Not content with the traction he got from a WSJ article (see below), Boston Fed President Rosengren repeated his dovish demand for unlimited QE yesterday, and this time the markets seemed to pay attention. Although the US economy is not there yet, should it slide back towards recession either later this year or in 2013, both investors and traders took heart from the fact that at least one Fed official is prepared to countenance all-night money printing if that becomes necessary. Together with growing calls from various commentators here in Europe for the ECB to do the same, it was no surprise to see equities head higher once again, while safe-haven currencies such as the dollar and the Japanese yen were on the defensive. The better mood was aided by some respectable earnings reports out of both Europe and the US. The S&P climbed through 1,400 to reach its highest level since early April.

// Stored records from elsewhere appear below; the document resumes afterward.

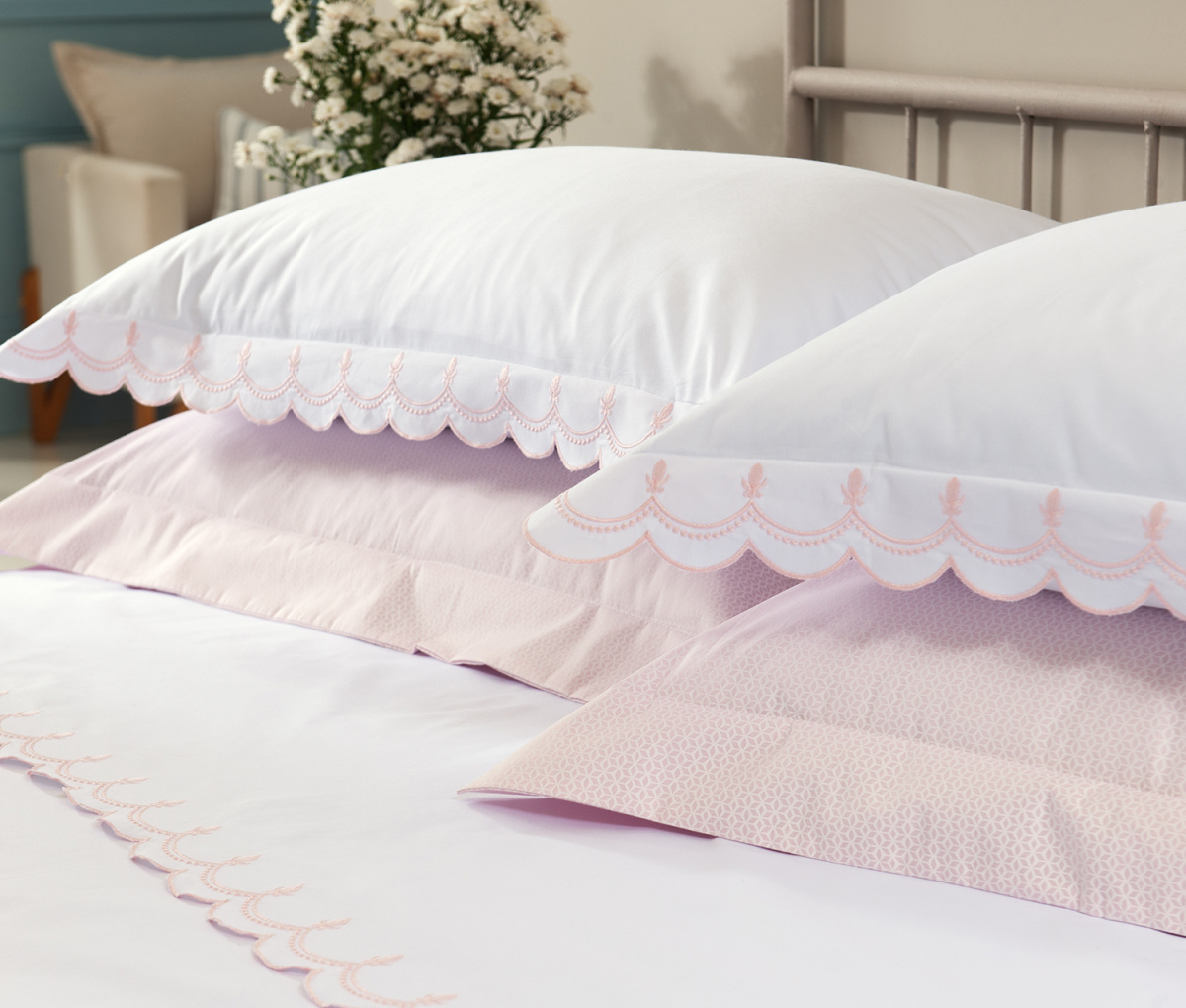 La'Bela Roupa De Cama - Queen - Percal 250 Fios - 100% Algodão - 4 Peças - Branco/Rosa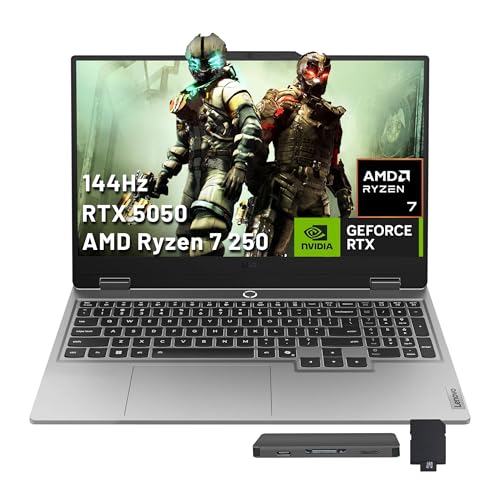 Image of Lenovo LOQ 15.6 inch FHD 144Hz Gaming Laptop, AMD Ryzen 7 250, GeForce RTX 5050 8GB GDDR7, 64GB DDR5, 3TB Storage (2TB SSD+1TB Docking Station Set), Backlit Keyboard, 5MP Camera, Wi-Fi 6, Win 11, Gray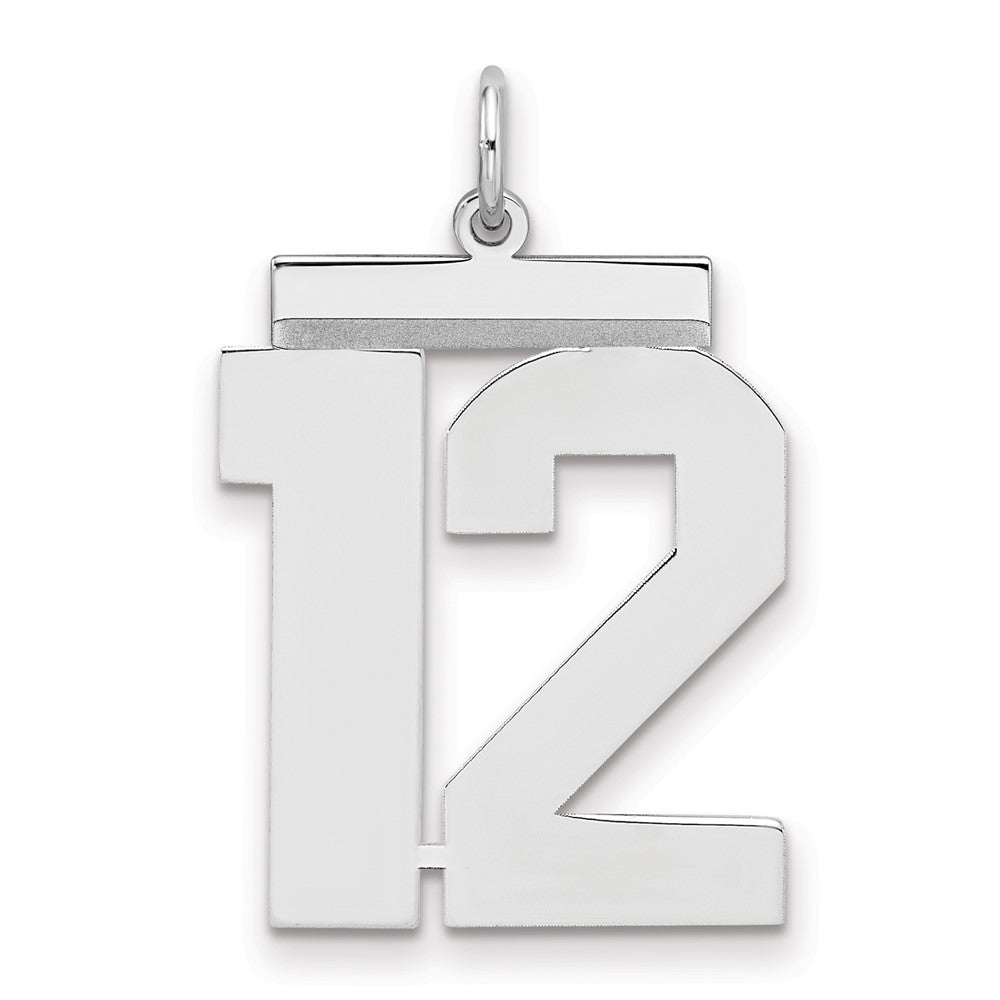 Sterling Silver/Rhodium-plated Polished Number 12 Charm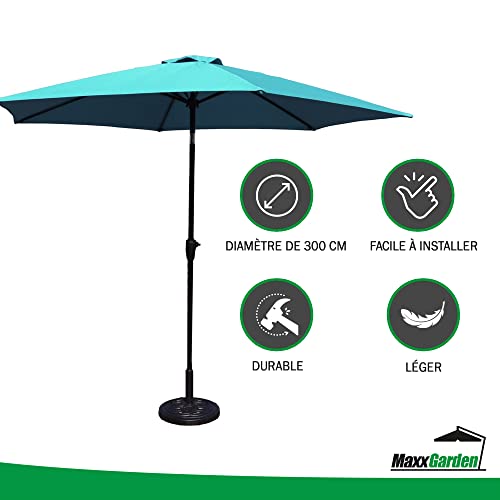 MaxxGarden parasol extérieur en aluminium 300 cm inclinable - protection solaire - jardin terrasse patio piscine plage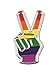 PinMart Gay Pride Peace Sign Finger LGBT Enamel Lapel Pin - 1 piece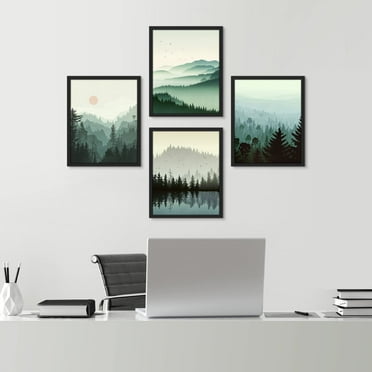 PixonSign Framed Wall Art Pastel Mountain In Early Spring Prints, Set of 4 Forest Duotone Landscape Wall Decor Arts, Nature Wall Décor, Adhesive Canvas Poster, Modern Home Artwork - 11"x14" Black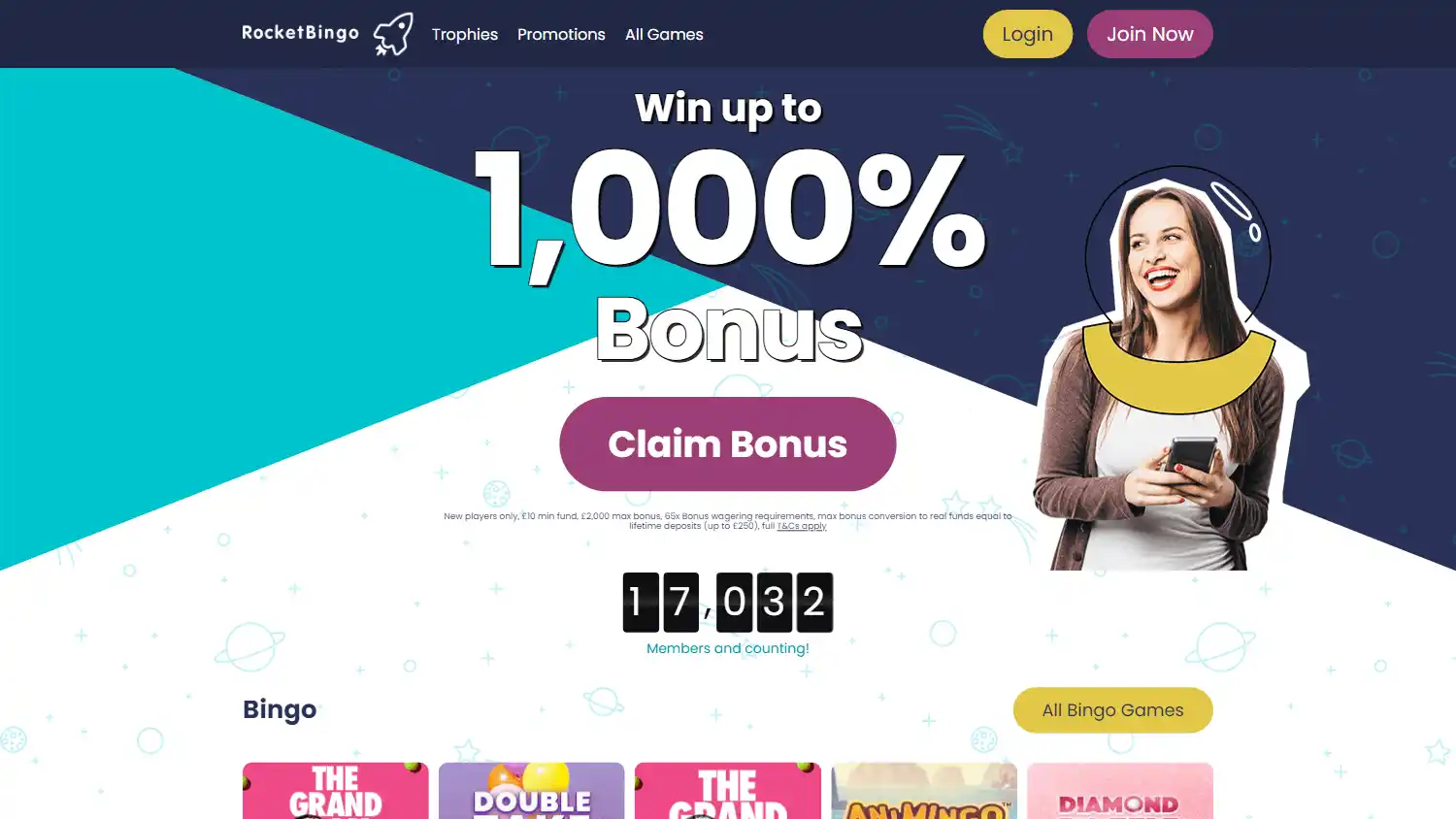 Rocket Bingo Casino screenshot 1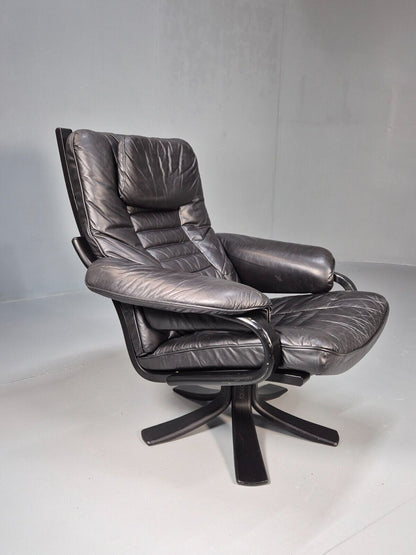 Vintage Danish Swivel Chair Black Leather Retro Seating EB8882 MSWI - UKDK FURNITURE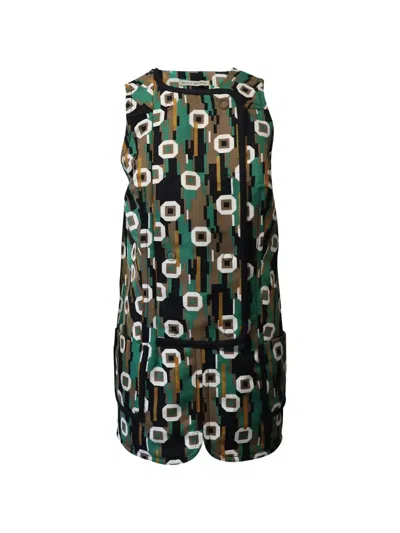 Pre-owned Balenciaga Graphic-pattern Mini Dress In Green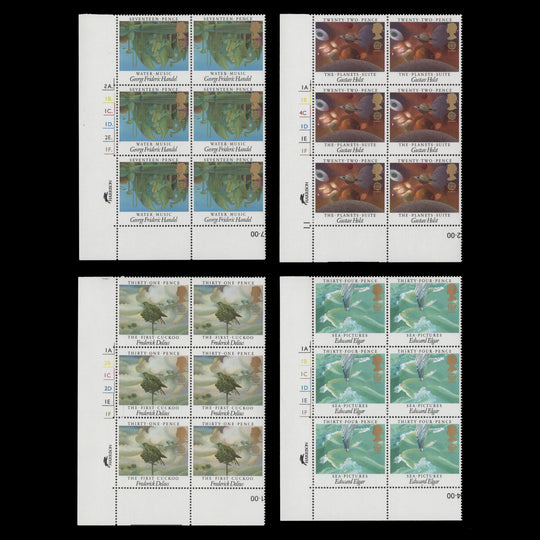 Great Britain 1985 (MNH) British Composers cylinder blocks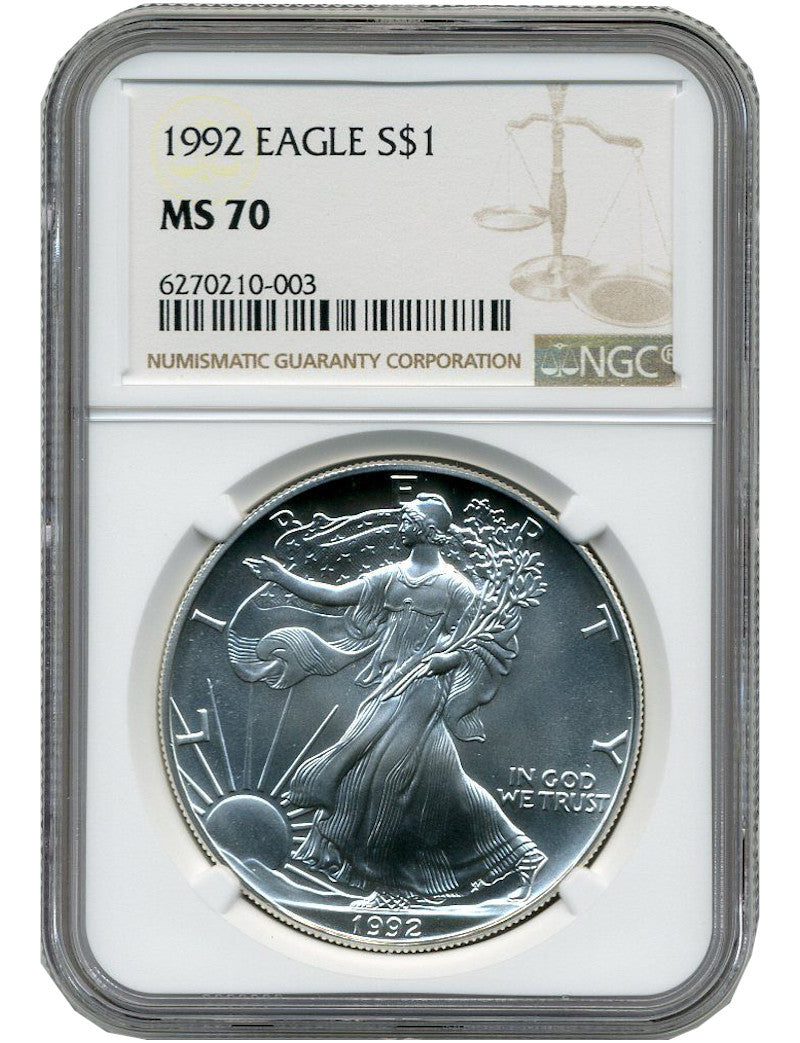 1992 American Silver Eagle NGC MS70 - Top Pop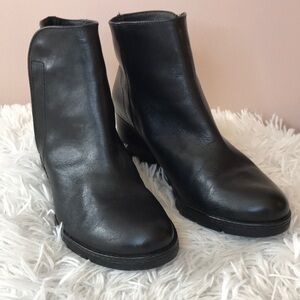Eric Michael Leather Wedge Ankle Boots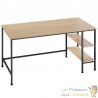 Table de bureau 2 étagères style industriel et loft en bois clair 140 cm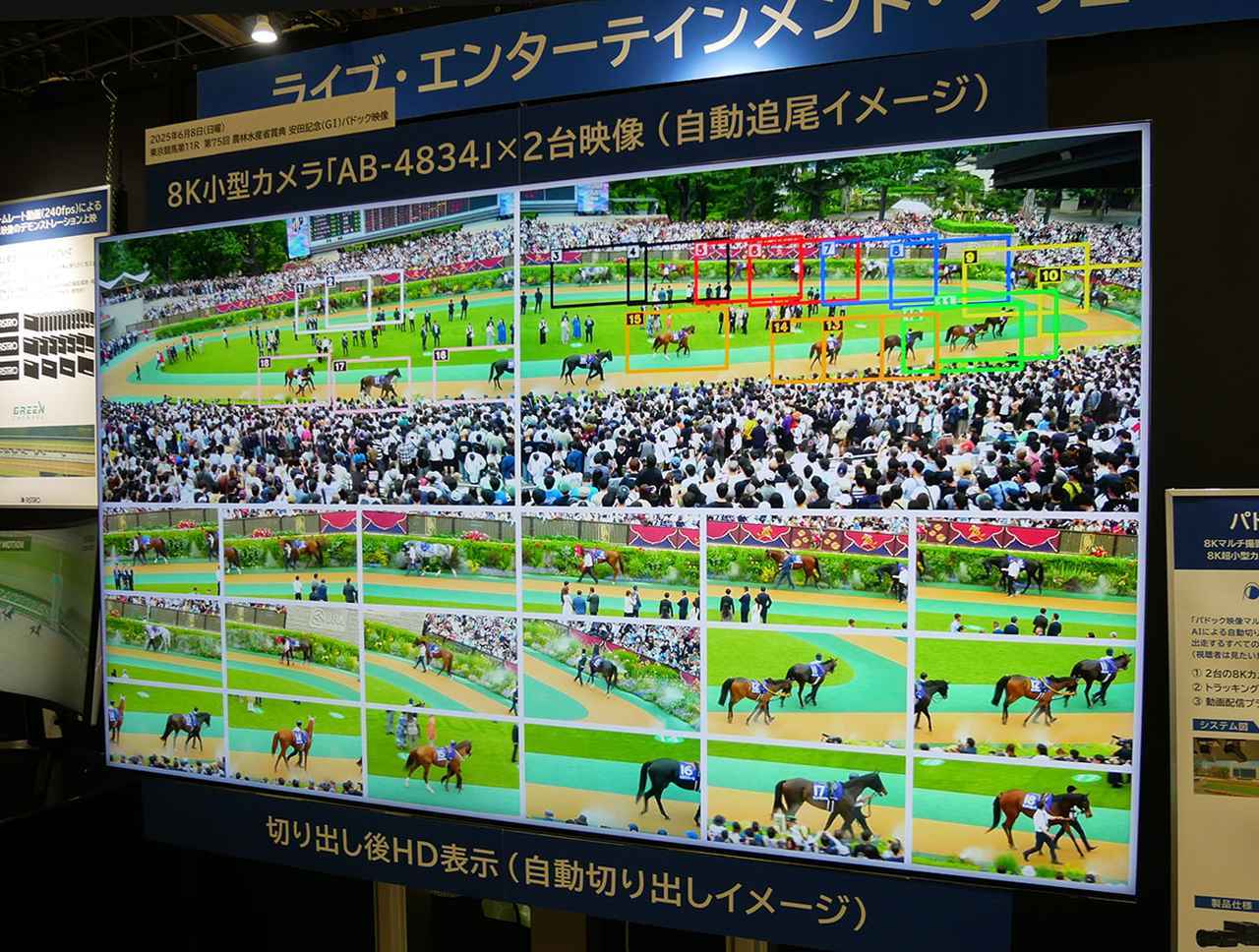 画像: 「パドック映像マルチ配信システム」。上が2台の8Kカメラの映像で、下は切り出した18頭ぶんの2K映像
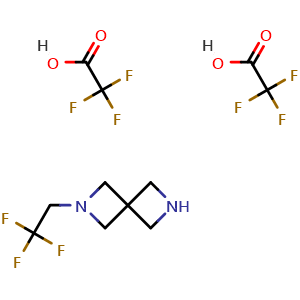Chemical structure of 2-(2,2,2-Trifluoroethyl)-2,6-diazaspiro[3.3]heptane ditrifluoroacetate , CAS 1810069-99-8, AChemBlock L22174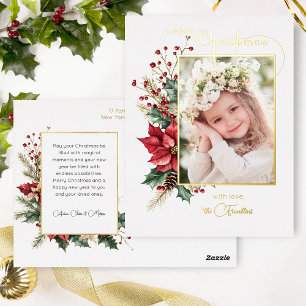 Elegant Winter Floral Gold Merry Christmas 1 Photo Foil Holiday Postcard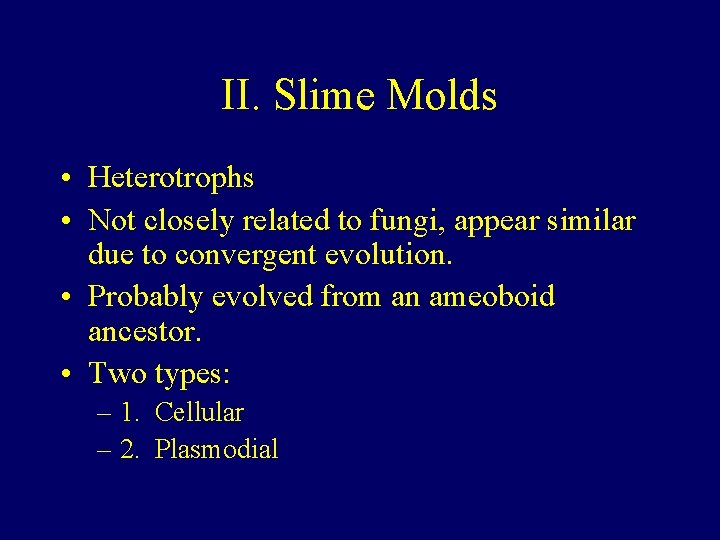 II. Slime Molds • Heterotrophs • Not closely related to fungi, appear similar due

Some positive euro price action. Notwithstanding the increasingly trenchant rhetoric of some of Europe’s major policy officials of late, the more positive price action evident in the single currency recently is noteworthy. Two weeks back, the euro looked poised to fall below 1.20 for the first time in two years; indeed, a test of the low recorded in July 2010 of 1.1877 seemed inevitable. However, the euro has bounced back, and over the last couple of days has regularly traded above 1.24. Not even yesterday’s poor economic news seemed to trouble the single currency. In Germany, factory orders retreated by almost 8% in the year ended June, while Italian industrial production fell by a similar 8% over the same time period. For now at least, the euro seems comfortable around the 1.24 level. In terms of both relative strength and momentum, it is just possible that the EUR may surprise and head higher in the short term. The 100-day moving average comes in around 1.2725 – if the euro does continue upward then this looms as a potential target.
Rosengren – the arch Fed dove. Although not currently a voting member of the FOMC, the views of Eric Rosengren, Boston Fed President, still carry some weight. In a WSJ article, Rosengren argued that the Fed should commence an open-ended program of bond-buying, because its current stance continues to fail to meet either aspect of its mandate, namely sustainable growth and price stability. Rosengren contended that the program should remain in force until these objectives are satisfied, and that the bond-buying ought to include mortgage-backed securities. The policy prescription of Rosengren is at one extreme and will no doubt be tempered by the moderate views of other Fed officials. If the Fed were to travel down this path of unlimited QE, then it would have significant (negative) ramifications for the dollar. It would also incur the wrath of international policy-makers and investors. For now, Rosengren’s dovish disposition stands little chance of being adopted but if it comes to pass that the economy falls back into recession either later this year or early next year because of fiscal strangulation, then no doubt Fed Chairman Bernanke will consider such an approach.
Germany’s SPD endorses eurobonds. In a potentially important shift in the policy debate raging around Europe regarding how to respond to the sovereign debt crisis, the opposition SPD (Social Democratic Party) has intimated that it is prepared to endorse eurobonds. Under the condition that any change in the German constitution is first ratified by a referendum, the SPD has thrown its support behind jointly-guaranteed eurozone bonds provided that a fiscal union is agreed by all nations. In the announcement of its revised policy, the SPD spokesman warned that the euro would not survive without common financial and tax policies. How many times have we heard that over the past few days!